When Cernan and Schmitt woke up the next morning, mission control explained how they should tape four laminated maps together in the shape of the missing fender. "Just call me the little old fender maker," said Cernan as he tore off pieces of gray tape. This time the taping was done inside the relatively dust-free confines of the lunar lander, so the duct tape retained its usual stickiness. Clamped to the moonbuggy, the new fender held for the rest of the mission, which included another 15 hours of EVAs.
One dousing with dust was enough to make a deep impression on Schmitt. Back on Earth he opined that "the dust issue is one that just has to be addressed. It's going to be the major environmental issue for future missions to the Moon."

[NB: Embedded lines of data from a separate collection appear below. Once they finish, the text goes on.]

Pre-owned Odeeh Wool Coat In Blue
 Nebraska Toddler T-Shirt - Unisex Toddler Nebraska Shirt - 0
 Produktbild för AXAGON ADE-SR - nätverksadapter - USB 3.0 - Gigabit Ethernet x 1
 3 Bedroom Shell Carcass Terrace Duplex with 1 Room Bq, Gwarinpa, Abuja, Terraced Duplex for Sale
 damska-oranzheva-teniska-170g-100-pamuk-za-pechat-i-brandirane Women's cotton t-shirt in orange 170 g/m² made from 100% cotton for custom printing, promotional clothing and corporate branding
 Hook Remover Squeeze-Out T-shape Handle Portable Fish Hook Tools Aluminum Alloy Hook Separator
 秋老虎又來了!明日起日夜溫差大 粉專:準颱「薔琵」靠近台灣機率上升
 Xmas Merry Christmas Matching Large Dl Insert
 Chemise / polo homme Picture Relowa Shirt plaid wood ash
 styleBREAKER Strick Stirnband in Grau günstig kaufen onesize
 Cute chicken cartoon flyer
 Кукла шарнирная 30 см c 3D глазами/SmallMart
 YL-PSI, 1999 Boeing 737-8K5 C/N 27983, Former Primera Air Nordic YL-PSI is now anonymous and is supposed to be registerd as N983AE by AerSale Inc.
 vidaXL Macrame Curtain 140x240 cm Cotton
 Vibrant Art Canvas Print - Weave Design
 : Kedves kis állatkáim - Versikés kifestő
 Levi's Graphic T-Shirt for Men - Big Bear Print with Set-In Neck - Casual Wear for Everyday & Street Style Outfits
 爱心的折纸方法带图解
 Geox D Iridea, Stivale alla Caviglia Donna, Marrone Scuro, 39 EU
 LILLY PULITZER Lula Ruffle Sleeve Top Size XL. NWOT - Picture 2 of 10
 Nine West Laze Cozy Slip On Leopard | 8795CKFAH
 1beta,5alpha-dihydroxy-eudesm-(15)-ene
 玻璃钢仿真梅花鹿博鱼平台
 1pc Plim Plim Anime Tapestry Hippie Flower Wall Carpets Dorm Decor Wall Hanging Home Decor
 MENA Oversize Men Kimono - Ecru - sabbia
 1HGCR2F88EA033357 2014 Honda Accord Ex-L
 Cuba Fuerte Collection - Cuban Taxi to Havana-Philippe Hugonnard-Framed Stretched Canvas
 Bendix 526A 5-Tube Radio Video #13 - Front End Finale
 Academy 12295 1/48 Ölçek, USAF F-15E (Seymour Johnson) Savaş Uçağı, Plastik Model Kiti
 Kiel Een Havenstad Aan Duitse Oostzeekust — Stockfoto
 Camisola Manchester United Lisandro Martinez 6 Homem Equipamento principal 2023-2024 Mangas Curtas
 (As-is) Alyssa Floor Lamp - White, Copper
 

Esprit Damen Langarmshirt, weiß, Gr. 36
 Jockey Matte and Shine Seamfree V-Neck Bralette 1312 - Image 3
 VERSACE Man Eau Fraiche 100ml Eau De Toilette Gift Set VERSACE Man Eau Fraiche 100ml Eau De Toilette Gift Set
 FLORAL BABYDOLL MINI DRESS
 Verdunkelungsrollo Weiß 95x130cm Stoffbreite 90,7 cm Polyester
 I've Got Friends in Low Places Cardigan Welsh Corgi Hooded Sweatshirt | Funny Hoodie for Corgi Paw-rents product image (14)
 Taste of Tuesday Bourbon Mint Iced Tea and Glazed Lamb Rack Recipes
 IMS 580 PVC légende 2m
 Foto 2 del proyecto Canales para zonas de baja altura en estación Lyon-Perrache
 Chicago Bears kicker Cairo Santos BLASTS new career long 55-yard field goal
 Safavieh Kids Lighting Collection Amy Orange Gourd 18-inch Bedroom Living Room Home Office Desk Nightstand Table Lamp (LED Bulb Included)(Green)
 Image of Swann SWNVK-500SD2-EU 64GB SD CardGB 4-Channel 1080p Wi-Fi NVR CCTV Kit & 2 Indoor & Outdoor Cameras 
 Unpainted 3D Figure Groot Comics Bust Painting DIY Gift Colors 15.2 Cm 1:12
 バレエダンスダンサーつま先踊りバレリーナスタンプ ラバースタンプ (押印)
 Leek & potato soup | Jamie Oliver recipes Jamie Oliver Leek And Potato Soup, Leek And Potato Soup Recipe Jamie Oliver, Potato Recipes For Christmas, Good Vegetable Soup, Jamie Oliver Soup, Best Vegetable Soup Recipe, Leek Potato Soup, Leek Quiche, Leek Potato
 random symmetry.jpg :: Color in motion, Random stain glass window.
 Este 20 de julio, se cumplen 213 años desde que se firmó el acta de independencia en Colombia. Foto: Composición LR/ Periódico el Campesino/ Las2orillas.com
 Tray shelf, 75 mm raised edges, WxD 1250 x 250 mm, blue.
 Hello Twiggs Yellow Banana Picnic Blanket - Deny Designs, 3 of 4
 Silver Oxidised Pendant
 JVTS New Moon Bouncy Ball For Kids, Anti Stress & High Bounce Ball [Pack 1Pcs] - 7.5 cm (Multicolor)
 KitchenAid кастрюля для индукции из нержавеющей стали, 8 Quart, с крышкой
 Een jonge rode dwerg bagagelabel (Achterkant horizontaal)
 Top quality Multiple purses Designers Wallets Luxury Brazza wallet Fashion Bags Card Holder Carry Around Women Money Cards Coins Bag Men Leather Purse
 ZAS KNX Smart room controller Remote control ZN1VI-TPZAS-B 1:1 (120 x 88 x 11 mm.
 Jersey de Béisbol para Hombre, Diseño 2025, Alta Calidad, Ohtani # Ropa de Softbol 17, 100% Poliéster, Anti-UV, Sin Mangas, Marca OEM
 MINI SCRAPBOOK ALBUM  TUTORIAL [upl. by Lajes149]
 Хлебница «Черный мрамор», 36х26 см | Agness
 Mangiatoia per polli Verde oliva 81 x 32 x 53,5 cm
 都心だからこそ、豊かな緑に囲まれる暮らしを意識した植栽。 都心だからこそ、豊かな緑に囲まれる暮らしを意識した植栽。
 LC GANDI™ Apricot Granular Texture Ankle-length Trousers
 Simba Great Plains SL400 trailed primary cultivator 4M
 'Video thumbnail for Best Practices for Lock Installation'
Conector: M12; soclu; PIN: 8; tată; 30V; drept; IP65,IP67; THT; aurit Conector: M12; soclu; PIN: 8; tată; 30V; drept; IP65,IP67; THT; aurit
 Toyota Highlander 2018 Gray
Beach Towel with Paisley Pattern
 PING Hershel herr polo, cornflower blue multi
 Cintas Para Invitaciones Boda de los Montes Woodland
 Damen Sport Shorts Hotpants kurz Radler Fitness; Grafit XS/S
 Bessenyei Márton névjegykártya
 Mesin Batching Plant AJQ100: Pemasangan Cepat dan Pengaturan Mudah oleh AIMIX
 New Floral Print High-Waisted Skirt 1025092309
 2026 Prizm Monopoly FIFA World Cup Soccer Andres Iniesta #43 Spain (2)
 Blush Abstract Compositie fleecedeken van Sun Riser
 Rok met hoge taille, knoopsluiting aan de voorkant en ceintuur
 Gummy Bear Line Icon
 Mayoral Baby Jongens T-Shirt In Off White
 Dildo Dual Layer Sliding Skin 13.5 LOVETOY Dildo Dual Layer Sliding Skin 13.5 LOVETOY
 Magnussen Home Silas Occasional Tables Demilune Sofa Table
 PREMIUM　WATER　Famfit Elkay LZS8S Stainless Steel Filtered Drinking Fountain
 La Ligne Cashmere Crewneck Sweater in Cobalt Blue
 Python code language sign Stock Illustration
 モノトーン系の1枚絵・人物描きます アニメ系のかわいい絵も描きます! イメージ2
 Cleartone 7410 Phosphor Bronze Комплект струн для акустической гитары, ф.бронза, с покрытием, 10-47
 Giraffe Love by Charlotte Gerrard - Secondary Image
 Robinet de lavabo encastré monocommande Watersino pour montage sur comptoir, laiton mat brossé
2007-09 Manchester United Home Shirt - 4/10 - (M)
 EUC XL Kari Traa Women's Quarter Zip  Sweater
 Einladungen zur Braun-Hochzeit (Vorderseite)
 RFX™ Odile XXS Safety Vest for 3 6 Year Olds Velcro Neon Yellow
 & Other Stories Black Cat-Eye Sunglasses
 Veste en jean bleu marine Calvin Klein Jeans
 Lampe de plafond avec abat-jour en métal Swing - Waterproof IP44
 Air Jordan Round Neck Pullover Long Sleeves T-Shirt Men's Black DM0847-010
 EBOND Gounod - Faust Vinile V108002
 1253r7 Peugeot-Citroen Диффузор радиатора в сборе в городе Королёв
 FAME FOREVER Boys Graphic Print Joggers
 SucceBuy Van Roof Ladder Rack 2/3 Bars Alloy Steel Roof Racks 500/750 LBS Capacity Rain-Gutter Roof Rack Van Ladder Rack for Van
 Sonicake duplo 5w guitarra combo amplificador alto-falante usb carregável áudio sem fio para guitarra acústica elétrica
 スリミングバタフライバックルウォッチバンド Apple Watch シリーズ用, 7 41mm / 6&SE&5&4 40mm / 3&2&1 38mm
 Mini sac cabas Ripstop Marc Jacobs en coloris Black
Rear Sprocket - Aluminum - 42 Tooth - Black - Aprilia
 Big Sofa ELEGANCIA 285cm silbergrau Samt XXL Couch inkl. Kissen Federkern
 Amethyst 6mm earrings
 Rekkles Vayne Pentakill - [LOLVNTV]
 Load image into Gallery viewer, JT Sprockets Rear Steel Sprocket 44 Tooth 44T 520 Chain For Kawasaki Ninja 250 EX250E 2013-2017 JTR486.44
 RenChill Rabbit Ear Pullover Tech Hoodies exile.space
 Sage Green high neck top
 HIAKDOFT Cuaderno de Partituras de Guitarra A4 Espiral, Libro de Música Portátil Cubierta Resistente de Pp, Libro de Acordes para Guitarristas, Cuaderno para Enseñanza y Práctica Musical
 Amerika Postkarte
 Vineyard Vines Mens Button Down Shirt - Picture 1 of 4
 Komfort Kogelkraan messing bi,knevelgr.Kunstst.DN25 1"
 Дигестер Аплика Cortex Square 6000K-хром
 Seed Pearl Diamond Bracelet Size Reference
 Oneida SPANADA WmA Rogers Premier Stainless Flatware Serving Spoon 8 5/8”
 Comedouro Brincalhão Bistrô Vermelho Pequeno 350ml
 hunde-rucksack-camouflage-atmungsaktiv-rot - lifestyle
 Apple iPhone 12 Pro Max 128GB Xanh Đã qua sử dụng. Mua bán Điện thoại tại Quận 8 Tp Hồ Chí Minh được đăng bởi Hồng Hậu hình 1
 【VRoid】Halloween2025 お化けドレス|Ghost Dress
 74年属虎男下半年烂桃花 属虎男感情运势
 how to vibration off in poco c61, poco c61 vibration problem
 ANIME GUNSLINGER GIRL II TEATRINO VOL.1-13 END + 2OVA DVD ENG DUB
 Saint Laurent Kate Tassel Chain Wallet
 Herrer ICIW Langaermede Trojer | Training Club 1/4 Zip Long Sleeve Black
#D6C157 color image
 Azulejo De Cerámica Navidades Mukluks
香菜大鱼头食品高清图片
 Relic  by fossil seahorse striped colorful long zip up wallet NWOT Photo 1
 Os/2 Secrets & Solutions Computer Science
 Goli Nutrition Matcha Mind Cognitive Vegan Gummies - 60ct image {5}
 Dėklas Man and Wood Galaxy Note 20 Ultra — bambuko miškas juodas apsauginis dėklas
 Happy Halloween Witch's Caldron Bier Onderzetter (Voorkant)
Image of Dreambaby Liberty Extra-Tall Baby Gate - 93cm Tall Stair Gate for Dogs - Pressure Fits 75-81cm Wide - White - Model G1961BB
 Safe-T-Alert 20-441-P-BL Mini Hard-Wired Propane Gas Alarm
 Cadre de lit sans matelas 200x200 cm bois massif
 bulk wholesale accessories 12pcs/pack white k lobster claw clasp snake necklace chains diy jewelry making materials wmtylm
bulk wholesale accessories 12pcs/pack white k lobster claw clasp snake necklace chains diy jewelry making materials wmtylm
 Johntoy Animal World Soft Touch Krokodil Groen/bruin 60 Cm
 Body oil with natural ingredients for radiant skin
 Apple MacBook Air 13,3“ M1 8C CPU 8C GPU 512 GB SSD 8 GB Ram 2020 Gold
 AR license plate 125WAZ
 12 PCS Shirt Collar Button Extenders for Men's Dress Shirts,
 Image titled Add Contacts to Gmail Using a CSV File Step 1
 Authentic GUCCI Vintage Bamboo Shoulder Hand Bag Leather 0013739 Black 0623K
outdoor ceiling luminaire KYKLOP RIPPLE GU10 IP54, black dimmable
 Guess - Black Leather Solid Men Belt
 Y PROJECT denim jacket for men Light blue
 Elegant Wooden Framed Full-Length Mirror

Back to the future: Right now, NASA is preparing a return to the Moon and dust is very much on the agency's mind. NASA scientists are doing laboratory experiments with samples of Apollo moondust to discover techniques for "moondust mitigation." And a new NASA spacecraft named LADEE is devoted entirely to moondust. Short for Lunar Atmosphere and Dust Environment Explorer, LADEE will orbit the moon in 2011 or 2012 watching for "dust storms" thought to occur when electrostatically charged moondust levitates off the lunar surface.
When next-generation astronauts go to the Moon, they'll know a lot more about moondust than their Apollo predecessors. But you can bet there’s one thing they won’t leave home without "good old-fashioned American gray tape."